This unconditional increment avoids the inc_not_zero() problem, but
requires a more complex implementation on the put() side when the count
drops from 1 to 0.

When this transition is detected then it is attempted to mark the reference
count dead, by setting it to the midpoint of the dead zone with a single
atomic_cmpxchg_release() operation. This operation can fail due to a
concurrent rcuref_get() elevating the reference count from 0 to 1.

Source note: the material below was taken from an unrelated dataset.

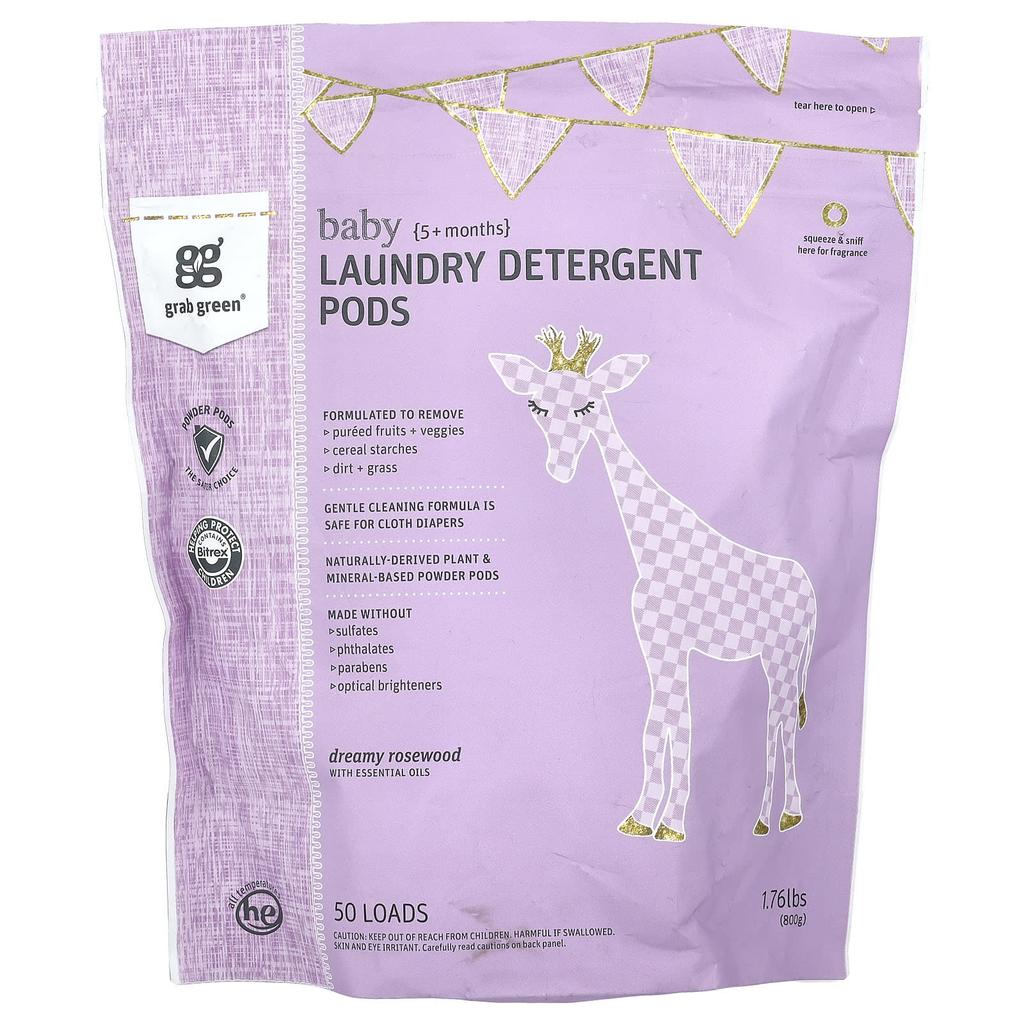 Grab Green Laundry Detergent Pods, Infants 5+ Months, Dreamy Rosewood and Essential Oils, 50 Servings, 1.76 Lbs (800 G)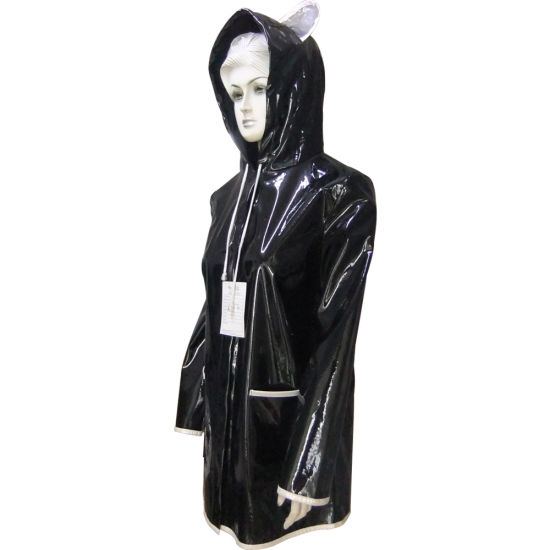 Faux Leather Jacket Raincoat with Lovely Cat Ears on The Hood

If the unconditional increment in rcuref_get() hits a reference count which
is marked dead (or saturated) it will detect it after the fact and bring
back the reference count to the midpoint of the respective zone. The zones
provide enough tolerance which makes it practically impossible to escape
from a zone.

The racy implementation of rcuref_put() requires to protect rcuref_put()
against a grace period ending in order to prevent a subtle use after
free. As RCU is the only mechanism which allows to protect against that, it
is not possible to replace the atomic_inc_not_zero() based implementation
of refcount_t with this scheme.

The final drop is slightly more expensive than the atomic_dec_return()
counterpart, but that's not the case which this is optimized for. The
optimization is on the high frequeunt get()/put() pairs and their
scalability.

The performance of an uncontended rcuref_get()/put() pair where the put()
is not dropping the last reference is still on par with the plain atomic
operations, while at the same time providing overflow and underflow
detection and mitigation.

The performance of rcuref compared to plain atomic_inc_not_zero() and
atomic_dec_return() based reference counting under contention:

 -  Micro benchmark: All CPUs running a increment/decrement loop on an
    elevated reference count, which means the 1 to 0 transition never
    happens.

    The performance gain depends on microarchitecture and the number of
    CPUs and has been observed in the range of 1.3X to 4.7X

 - Conversion of dst_entry::__refcnt to rcuref and testing with the
    localhost memtier/memcached benchmark. That benchmark shows the
    reference count contention prominently.
    
    The performance gain depends on microarchitecture and the number of
    CPUs and has been observed in the range of 1.1X to 2.6X over the
    previous fix for the false sharing issue vs. struct
    dst_entry::__refcnt.

    When memtier is run over a real 1Gb network connection, there is a
    small gain on top of the false sharing fix. The two changes combined
    result in a 2%-5% total gain for that networked test.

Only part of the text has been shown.